— What is needed —
I need the lines below from the one with "living room featuring light colored carpet" down to the one with "Detail of black" reproduced exactly, both ends included, and nothing else.
BEGIN Data excerpts
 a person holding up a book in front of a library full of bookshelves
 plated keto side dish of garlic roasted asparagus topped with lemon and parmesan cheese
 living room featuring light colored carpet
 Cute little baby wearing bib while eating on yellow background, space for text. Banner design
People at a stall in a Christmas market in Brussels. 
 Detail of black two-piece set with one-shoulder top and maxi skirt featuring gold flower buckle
END Data excerpts
BEGIN Data excerpts
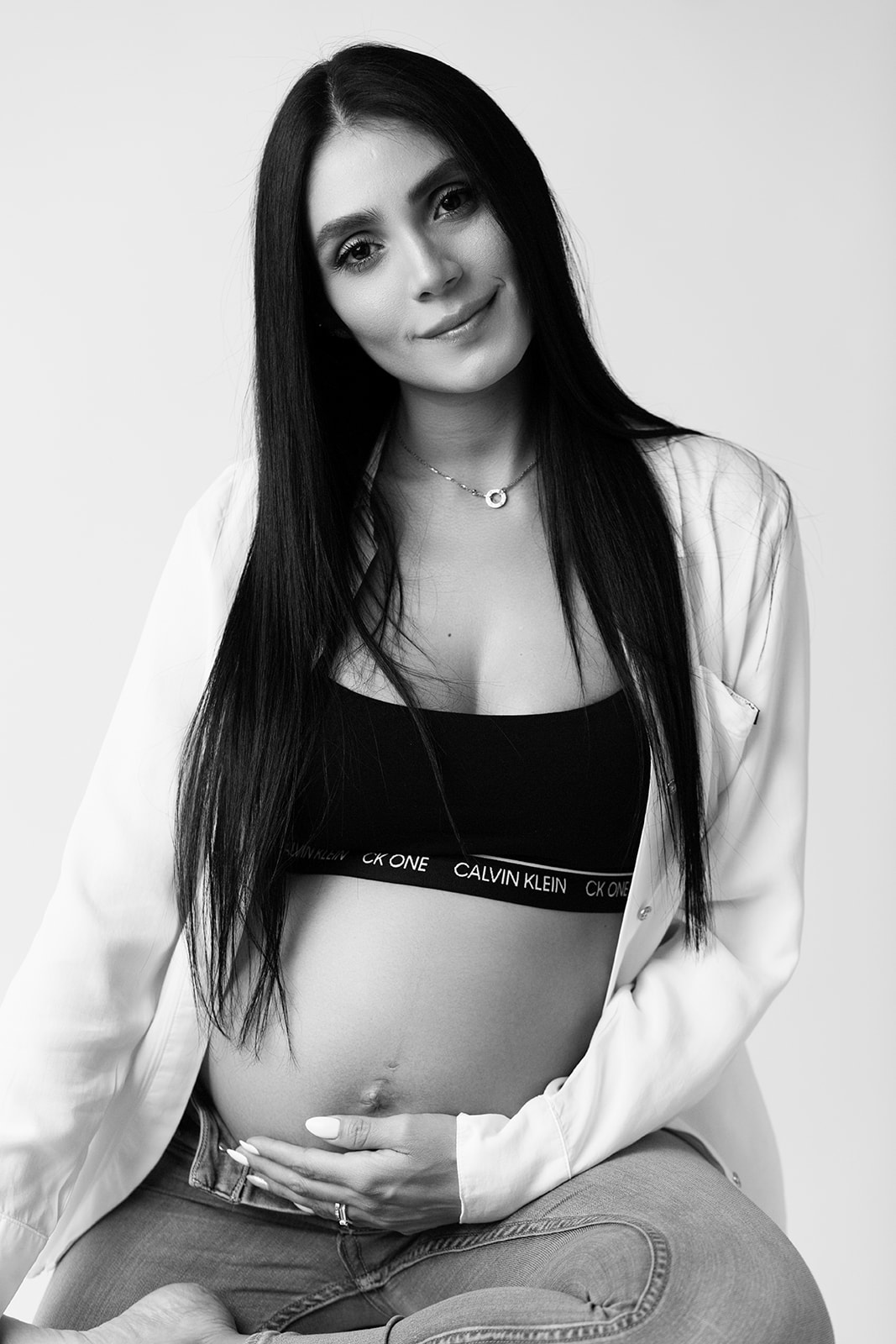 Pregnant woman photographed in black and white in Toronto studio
END Data excerpts
BEGIN Data excerpts
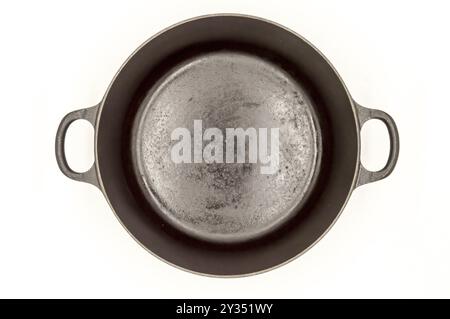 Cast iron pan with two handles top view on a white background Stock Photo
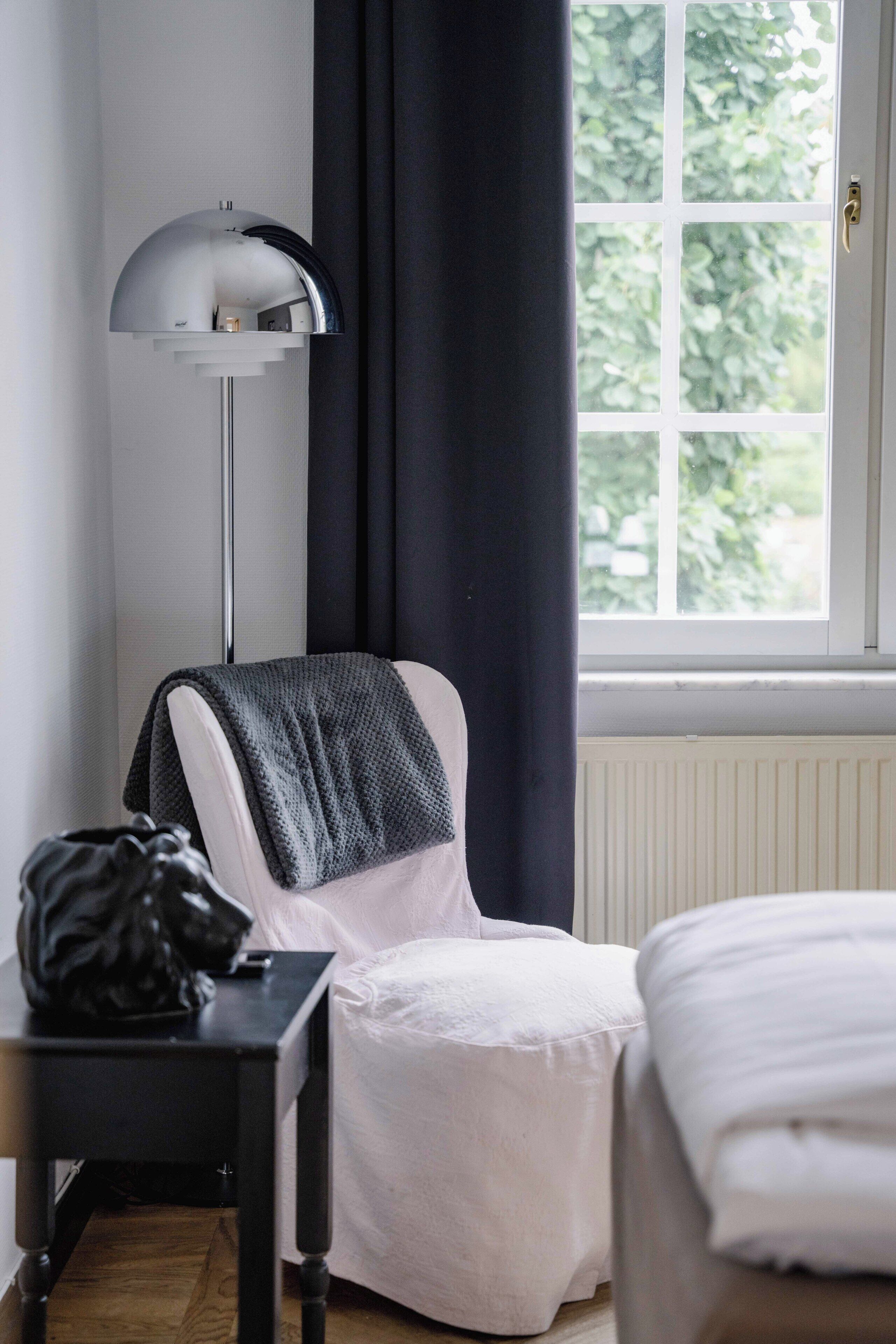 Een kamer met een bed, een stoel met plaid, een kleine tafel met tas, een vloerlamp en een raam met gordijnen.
END Data excerpts
— Written response —
 living room featuring light colored carpet
 Cute little baby wearing bib while eating on yellow background, space for text. Banner design
People at a stall in a Christmas market in Brussels. 
 Detail of black two-piece set with one-shoulder top and maxi skirt featuring gold flower buckle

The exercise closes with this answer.